[Records contained in a dataset]
+-------+
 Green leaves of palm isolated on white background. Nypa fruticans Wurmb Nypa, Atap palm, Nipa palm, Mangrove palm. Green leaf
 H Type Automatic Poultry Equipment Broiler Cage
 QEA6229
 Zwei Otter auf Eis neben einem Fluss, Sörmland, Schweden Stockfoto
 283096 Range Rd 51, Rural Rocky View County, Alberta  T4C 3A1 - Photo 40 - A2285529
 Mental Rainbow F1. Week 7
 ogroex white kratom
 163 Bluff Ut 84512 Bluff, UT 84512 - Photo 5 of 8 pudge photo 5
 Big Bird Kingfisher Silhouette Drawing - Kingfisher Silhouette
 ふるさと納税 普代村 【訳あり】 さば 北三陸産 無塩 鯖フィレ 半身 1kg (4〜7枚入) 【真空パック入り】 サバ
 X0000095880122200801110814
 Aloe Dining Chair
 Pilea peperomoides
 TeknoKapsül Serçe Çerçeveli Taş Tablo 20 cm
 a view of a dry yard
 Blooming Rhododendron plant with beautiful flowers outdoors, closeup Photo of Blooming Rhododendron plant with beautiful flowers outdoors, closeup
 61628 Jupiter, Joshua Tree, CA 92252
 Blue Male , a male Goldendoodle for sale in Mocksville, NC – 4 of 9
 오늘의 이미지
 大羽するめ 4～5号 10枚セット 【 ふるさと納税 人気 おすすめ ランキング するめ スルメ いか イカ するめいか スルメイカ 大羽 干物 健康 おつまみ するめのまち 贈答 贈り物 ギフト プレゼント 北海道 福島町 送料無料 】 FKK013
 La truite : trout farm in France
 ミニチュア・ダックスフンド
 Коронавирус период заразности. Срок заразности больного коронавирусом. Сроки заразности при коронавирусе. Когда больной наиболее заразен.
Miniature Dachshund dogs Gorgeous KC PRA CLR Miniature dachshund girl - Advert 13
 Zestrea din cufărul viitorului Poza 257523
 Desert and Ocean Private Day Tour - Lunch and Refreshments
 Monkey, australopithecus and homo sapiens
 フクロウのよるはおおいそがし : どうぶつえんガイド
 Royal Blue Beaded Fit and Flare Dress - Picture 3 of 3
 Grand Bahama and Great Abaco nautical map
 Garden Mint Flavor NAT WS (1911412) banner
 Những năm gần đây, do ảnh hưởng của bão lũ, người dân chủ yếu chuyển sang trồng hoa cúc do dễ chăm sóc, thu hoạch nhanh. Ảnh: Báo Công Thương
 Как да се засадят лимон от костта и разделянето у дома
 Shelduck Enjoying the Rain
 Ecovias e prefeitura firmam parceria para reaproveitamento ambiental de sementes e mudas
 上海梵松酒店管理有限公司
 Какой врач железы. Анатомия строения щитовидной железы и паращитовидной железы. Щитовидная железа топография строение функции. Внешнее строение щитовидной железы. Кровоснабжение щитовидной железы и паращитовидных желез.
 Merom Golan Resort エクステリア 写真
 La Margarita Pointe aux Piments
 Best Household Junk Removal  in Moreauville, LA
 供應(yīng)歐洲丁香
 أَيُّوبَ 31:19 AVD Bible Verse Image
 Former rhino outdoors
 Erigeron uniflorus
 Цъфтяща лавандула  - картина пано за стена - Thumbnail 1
+-------+
About this task >> Only the lines above from the line with "上海梵松酒店管理有限公司" to the line with "Erigeron uniflorus", those two lines included, should be reproduced exactly.

Output below >>
 上海梵松酒店管理有限公司
 Какой врач железы. Анатомия строения щитовидной железы и паращитовидной железы. Щитовидная железа топография строение функции. Внешнее строение щитовидной железы. Кровоснабжение щитовидной железы и паращитовидных желез.
 Merom Golan Resort エクステリア 写真
 La Margarita Pointe aux Piments
 Best Household Junk Removal  in Moreauville, LA
 供應(yīng)歐洲丁香
 أَيُّوبَ 31:19 AVD Bible Verse Image
 Former rhino outdoors
 Erigeron uniflorus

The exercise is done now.